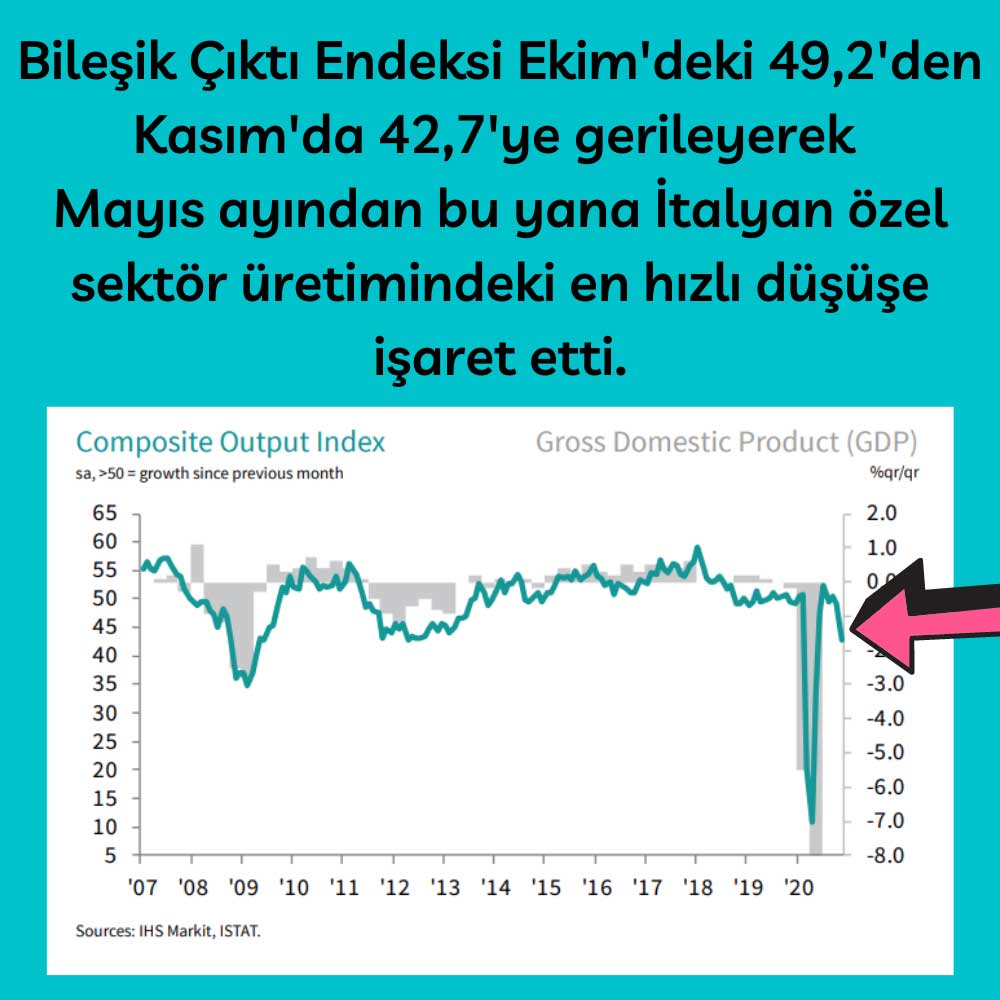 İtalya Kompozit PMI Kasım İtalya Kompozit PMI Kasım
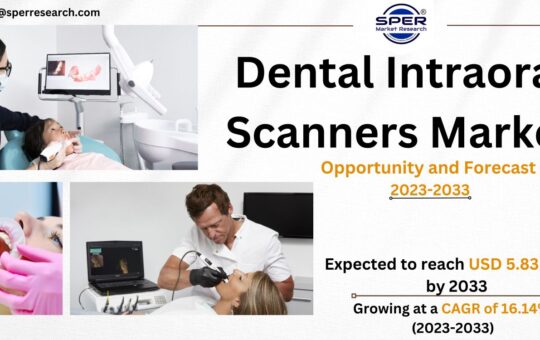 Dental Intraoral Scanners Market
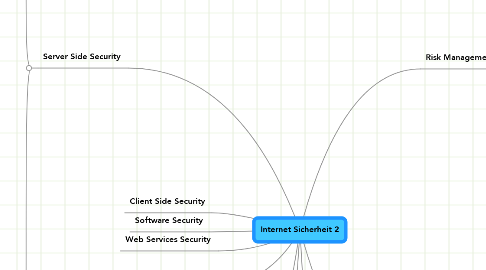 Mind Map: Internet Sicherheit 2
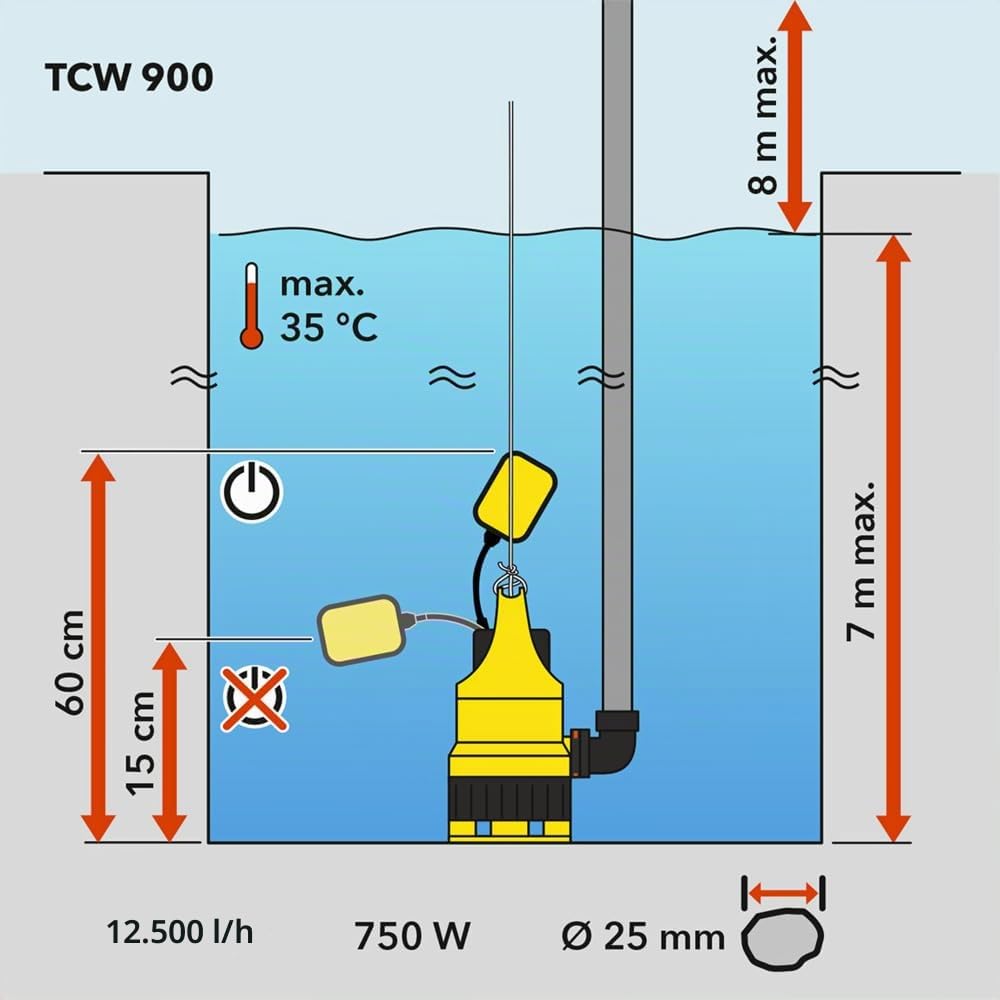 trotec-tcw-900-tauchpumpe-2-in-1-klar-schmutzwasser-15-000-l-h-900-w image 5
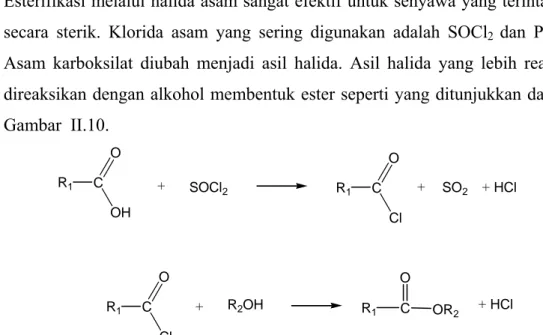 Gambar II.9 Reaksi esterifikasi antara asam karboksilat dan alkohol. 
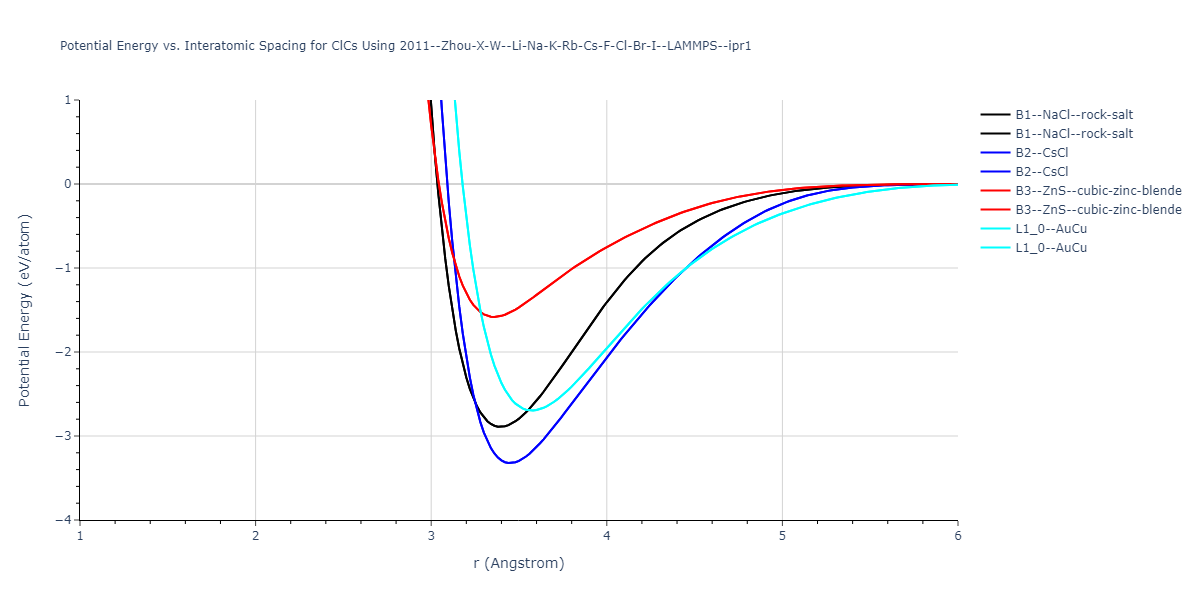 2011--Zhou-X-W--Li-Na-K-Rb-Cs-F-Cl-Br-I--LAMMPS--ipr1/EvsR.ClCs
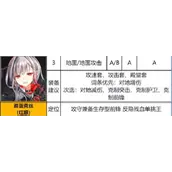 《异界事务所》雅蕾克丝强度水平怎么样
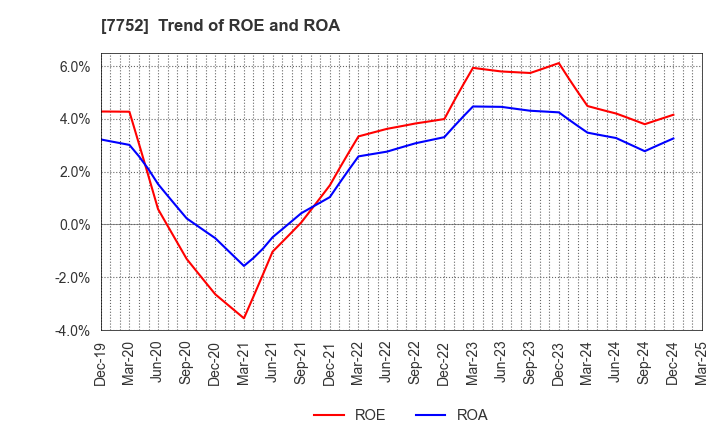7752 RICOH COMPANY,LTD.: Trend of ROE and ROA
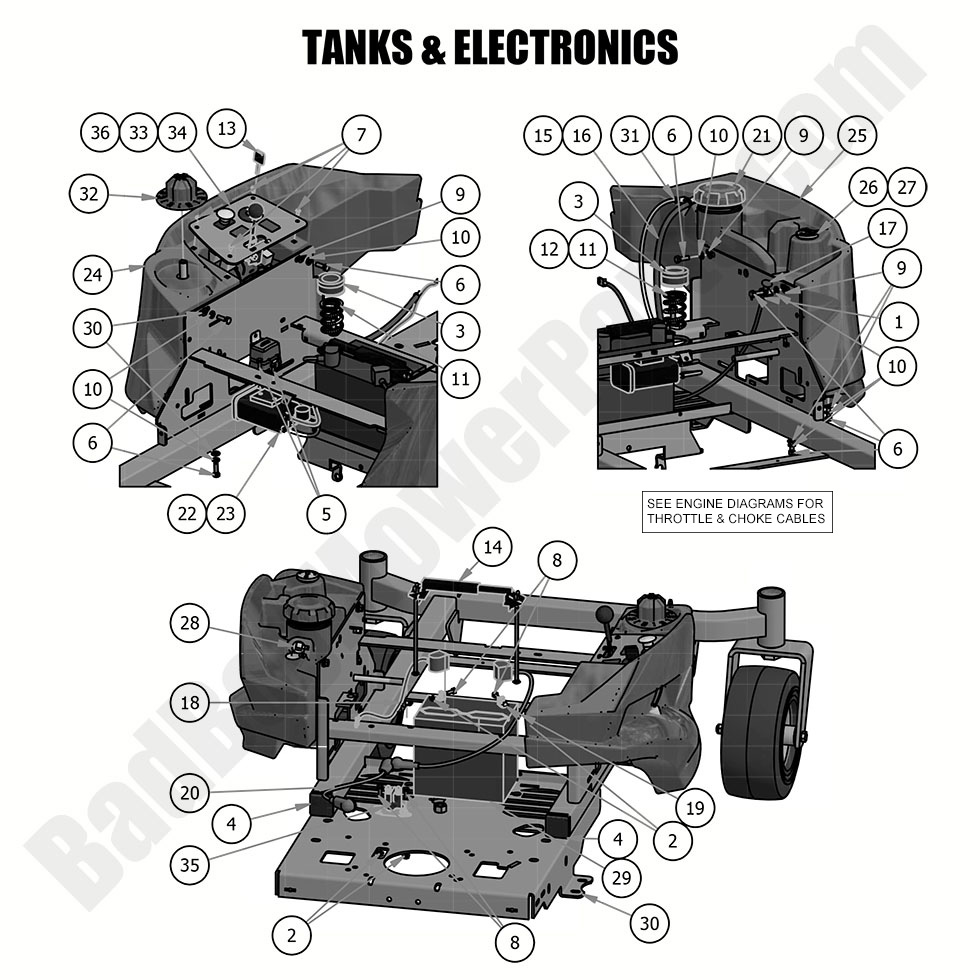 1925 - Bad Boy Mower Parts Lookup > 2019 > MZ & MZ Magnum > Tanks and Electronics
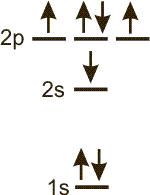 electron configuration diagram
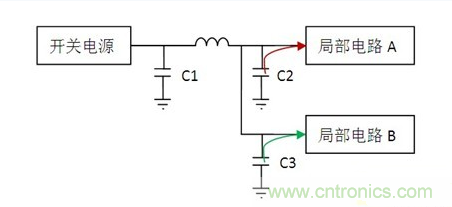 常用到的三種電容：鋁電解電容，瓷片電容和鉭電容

▸ **Problem to solve**
Copy exactly, and copy only, the lines from the one bearing "Mind Map: Internet Sicherheit 2" through the closing line of the material, with both ends kept and pictures removed.

▸ **Response to the exercise**
 Mind Map: Internet Sicherheit 2
 trotec-tcw-900-tauchpumpe-2-in-1-klar-schmutzwasser-15-000-l-h-900-w image 5
 Gambar II.9 Reaksi esterifikasi antara asam karboksilat dan alkohol. 
 2011--Zhou-X-W--Li-Na-K-Rb-Cs-F-Cl-Br-I--LAMMPS--ipr1/EvsR.ClCs
 《异界事务所》雅蕾克丝强度水平怎么样
7752 RICOH COMPANY,LTD.: Trend of ROE and ROA
 1925 - Bad Boy Mower Parts Lookup > 2019 > MZ & MZ Magnum > Tanks and Electronics
 electron configuration diagram
 常用到的三種電容：鋁電解電容，瓷片電容和鉭電容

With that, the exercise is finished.